_Data_
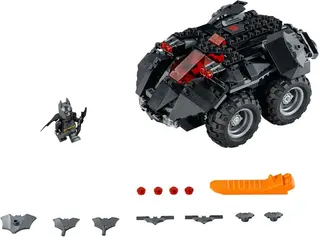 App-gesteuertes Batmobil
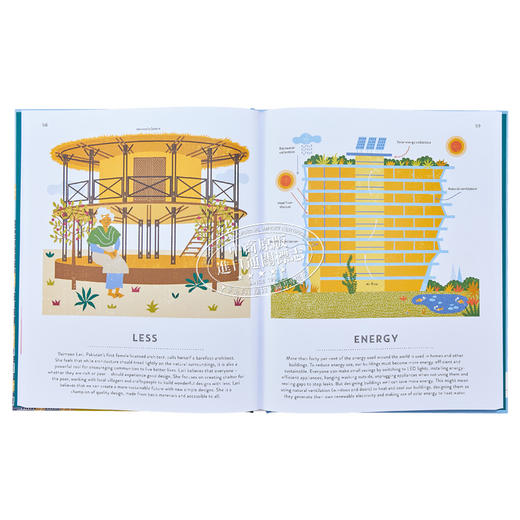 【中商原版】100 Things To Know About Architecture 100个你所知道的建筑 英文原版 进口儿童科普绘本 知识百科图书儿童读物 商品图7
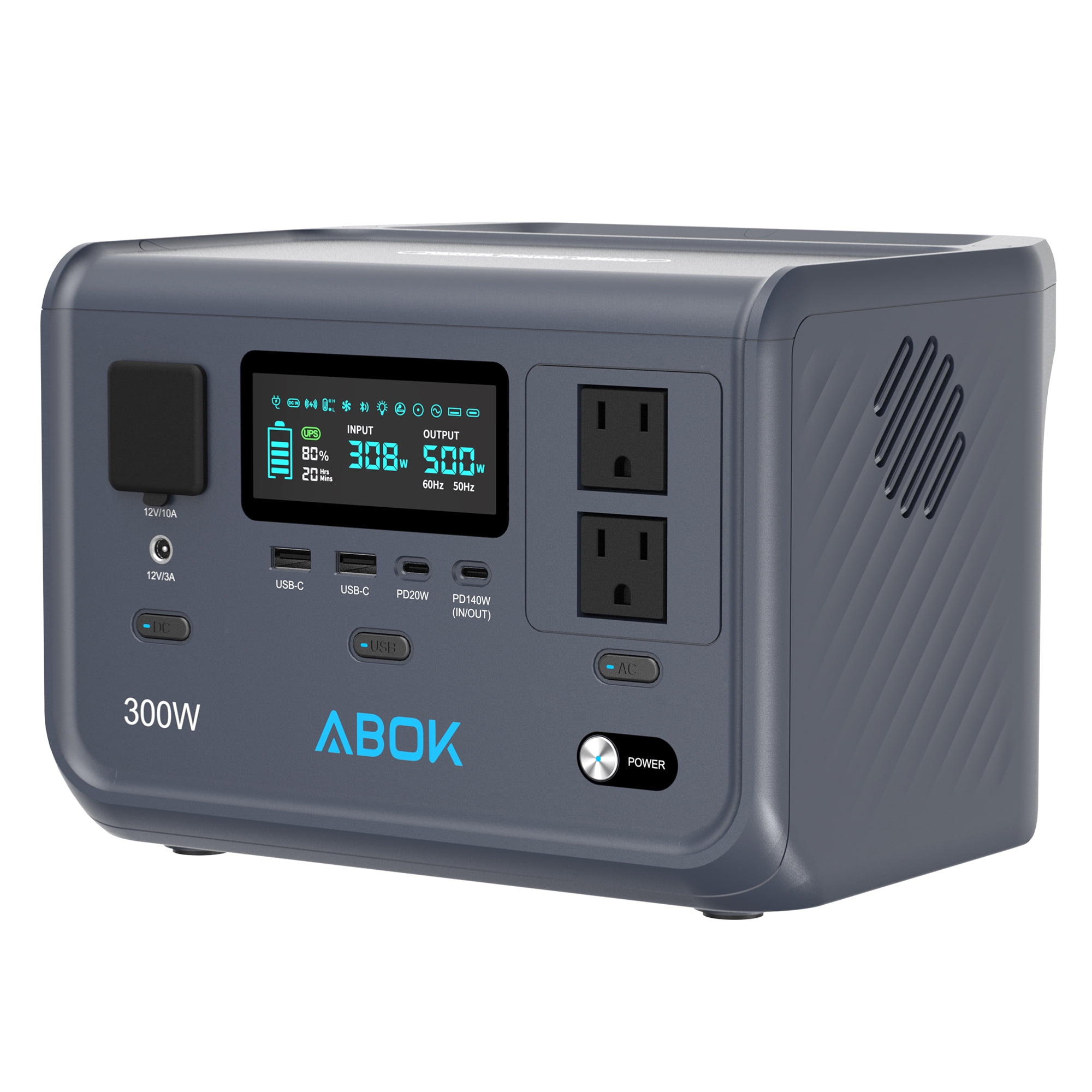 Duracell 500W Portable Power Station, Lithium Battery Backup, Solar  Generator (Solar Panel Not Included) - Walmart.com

---

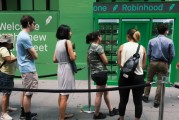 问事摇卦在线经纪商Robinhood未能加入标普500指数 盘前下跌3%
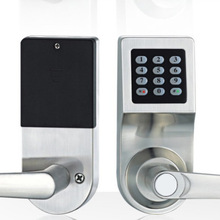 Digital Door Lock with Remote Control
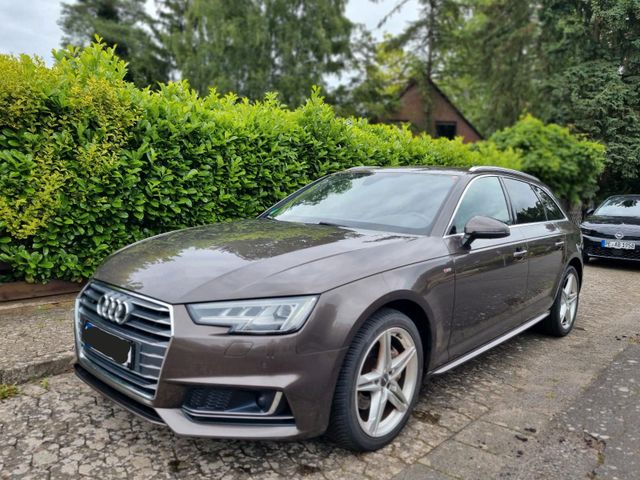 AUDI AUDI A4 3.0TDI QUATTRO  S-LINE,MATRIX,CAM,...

* * *

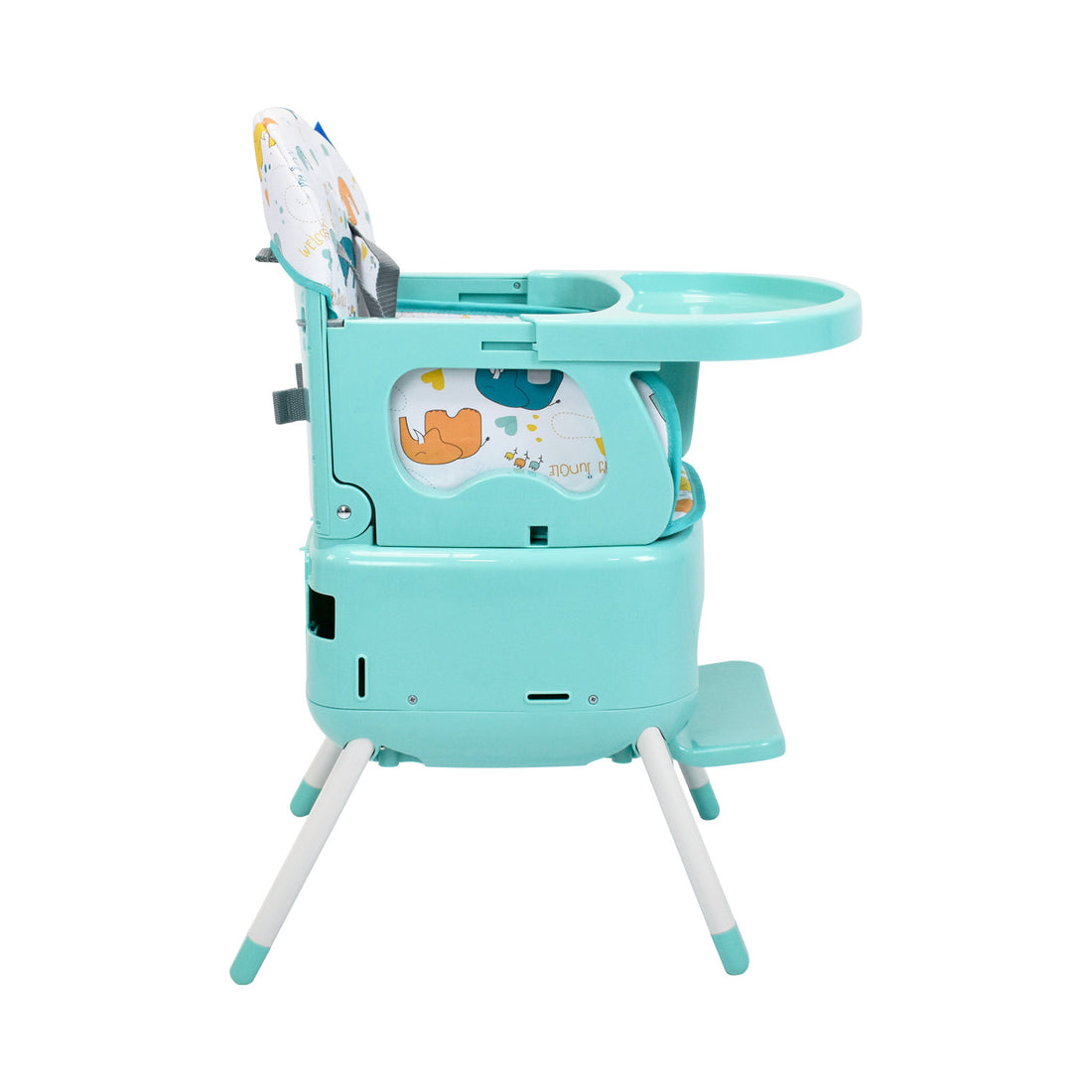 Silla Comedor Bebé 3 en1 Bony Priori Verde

_Your assignment_
Drop the pictures; return the lines above from the line containing "问事摇卦在线经纪商Robinhood未能加入标普500指数 盘前下跌3%" to the line containing "AUDI AUDI A4", both included, exactly.

_Response area_
 问事摇卦在线经纪商Robinhood未能加入标普500指数 盘前下跌3%
 Digital Door Lock with Remote Control
 AUDI AUDI A4 3.0TDI QUATTRO  S-LINE,MATRIX,CAM,...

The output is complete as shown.